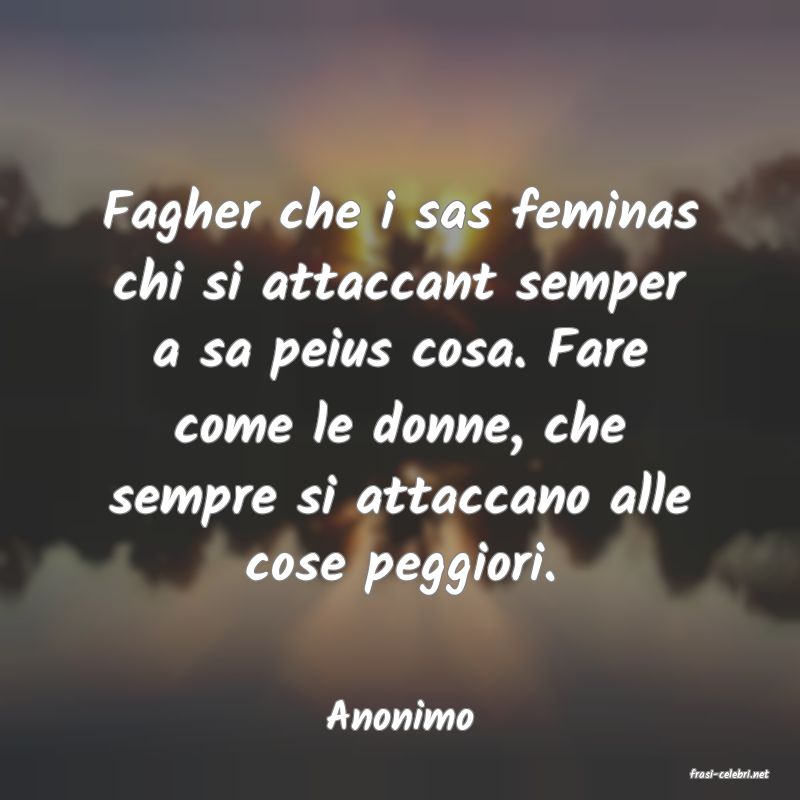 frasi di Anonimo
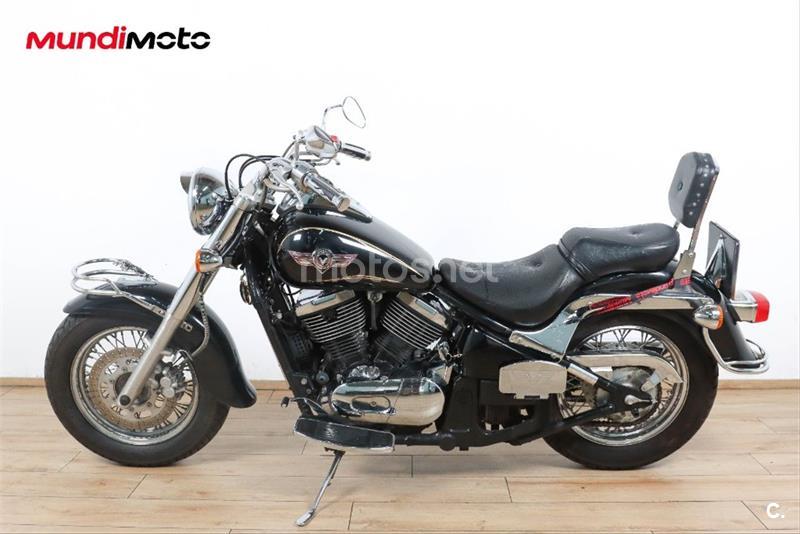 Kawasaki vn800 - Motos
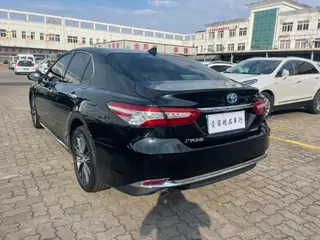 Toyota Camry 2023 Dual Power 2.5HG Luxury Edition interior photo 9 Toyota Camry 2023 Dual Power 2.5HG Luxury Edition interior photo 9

Your objective: When you restate the listing above, give each line word for word but leave out every image.

Response below:
 frasi di Anonimo
 Kawasaki vn800 - Motos
 Toyota Camry 2023 Dual Power 2.5HG Luxury Edition interior photo 9 Toyota Camry 2023 Dual Power 2.5HG Luxury Edition interior photo 9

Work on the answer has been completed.